Anyway, the story for today’s post is the last release I have for 2021. I have two books (both of which I’ve read already) and two short stories (both of which will be new to me) listed for 2022. You’ll be reading this in the future because I’m just scheduling one post a week, and right now I’m scheduled out to sometime in January 2023, but as I write this, it’s actually November 8th 2022. (Election day! If you have a time machine and you didn’t vote, go back and do that.) Since I’m already familiar with the two longer works released in 2022, I don’t expect them to take forever to read… there’s a chance I could finish up with this project before December. It’s a busy time of year, which might delay me, but I will almost certainly finish up before New Year’s Eve… this will be done in 2022. I started this blog in August of 2021, and the actual reading was probably started a month or so before it occurred to me to start blogging, so one way or another, this will have taken me less than a year and a half to complete. I’m very excited to see the light at the end of the tunnel (and as much as I like King, I have a reading list a mile long of other authors’ books I want to get to at some point.)
I’ll be doing something once I finish with the list of current King books. But what? Go through all the movies? Read all of Joe Hill’s books? Write my own book analyzing all the Stephen King books I’ve read? All three? Something else? I’m not totally sure. But I’ll definitely let you know when I know. I’ll probably be doing something — I’ve gotten into the habit of writing this blog, and I like it, so I feel like I want to keep doing it. It gives me a goal, and writing about what I read helps me think about it, and I enjoy that. So I’ll do something.

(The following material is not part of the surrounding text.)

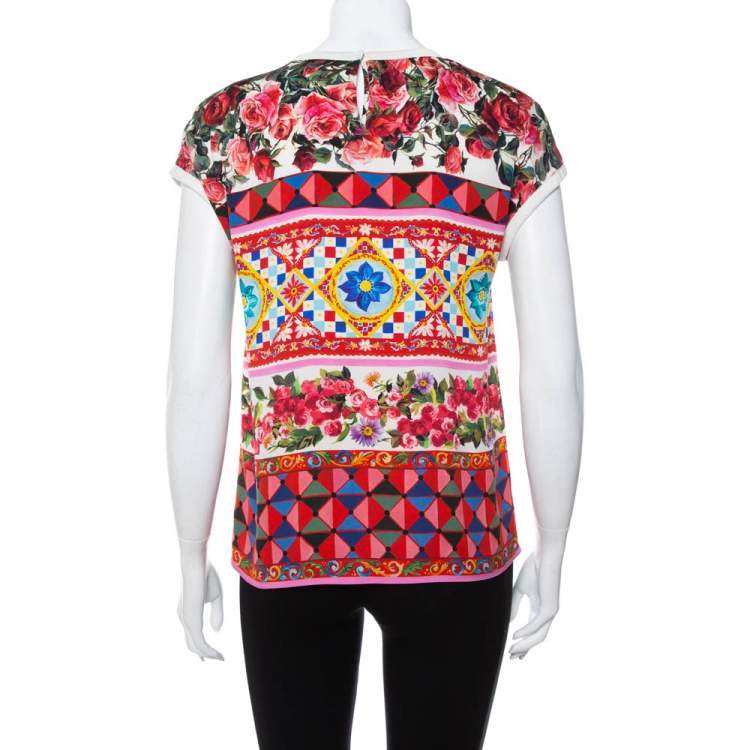 مملوكة مسبقًا Dolce & Gabbana Multicolor Multiprinted Silk Top S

Anyway, today’s post is about “Red Screen.” This is a very short short story, especially by Stephen King standards. The general premise is a cop is interviewing a plumber who killed his wife. But the plumber claims it wasn’t his wife he killed, but a thing that took over her body. Maybe an alien thing — some shades of Tommyknockers and/or Dreamcatcher here, but much subtler. The alien thing is basically replacing people’s consciousness, not causing any weird body horror. Apparently, this theory about alien invasion is on the Dark Web, and some computer hacker has figured out a clue or a key — a red screen. The plumber tells the cop about how the aliens become short-tempered and irritable when they take over. The cop dismisses this but flashes on how his own wife has been short-tempered and irritable of late. So there’s a little hint of unease in his mind. Later at home, his wife confesses to being short-tempered and irritable because she began menopause recently, and she apologizes. The cop forgives her, is able to dismiss that small hint of unease, and all is right with the world. Except for the red screen that flashes briefly on his cell phone and his wife’s smile at that, both of which appear to be unseen by the cop.
Honestly, I wouldn’t think this one through too deeply. It’s short and creepy. I’ll admit that I rolled my eyes a bit at both the fact that so far, the only irritable and short-tempered aliens we know of have been women (the murderer does say it could be either, though) and at the menopause thing. But I don’t think King is trying to say anything with those bits other than “nagging women and menopause causing bad temper are tropes you will recognize and are therefore convenient in this very short story” and maybe also “I, the author, am a man in his 70s.” That’s… probably unintentional. But I don’t think he’s trying to make any kind of point about women… and both men and women have fears about menopause, so that sort of works if it’s supposed to be a metaphor of some sort, though I don’t really think it is. I think this story is mostly what it says on the tin: creepy short story.